EXERCISE AIM | Restate each line of the listing exactly, without carrying over any pictures.

DATA RECORDS |

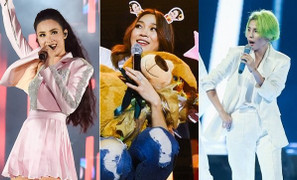 2018 – Năm của ca sĩ thực lực lên ngôi, số liệu ảo không thể ‘làm màu’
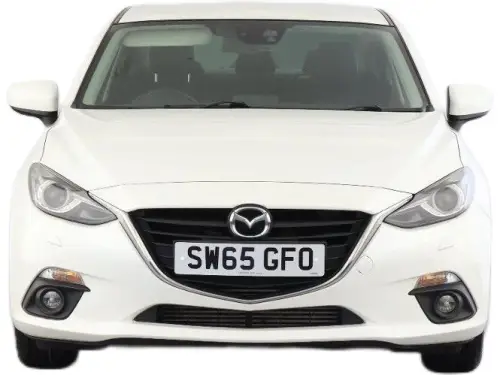 Mazda 3 SW65 GFO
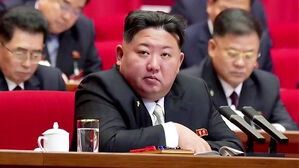 김정은 "북미 관계, 미국에 달렸다&hellip;한국은 영원한 적"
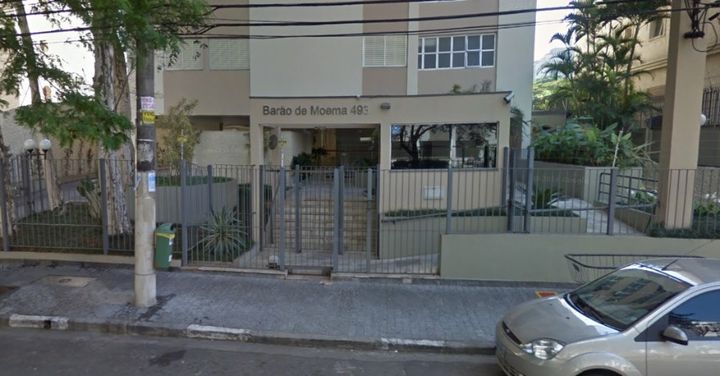Imagem do condomínio Condomínio Barão De - Moema - São Paulo - SP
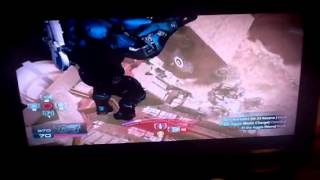 Mass Effect 3 Multiplayer Glitch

ANSWER BELOW |
 2018 – Năm của ca sĩ thực lực lên ngôi, số liệu ảo không thể ‘làm màu’
 Mazda 3 SW65 GFO
 김정은 "북미 관계, 미국에 달렸다&hellip;한국은 영원한 적"
Imagem do condomínio Condomínio Barão De - Moema - São Paulo - SP
 Mass Effect 3 Multiplayer Glitch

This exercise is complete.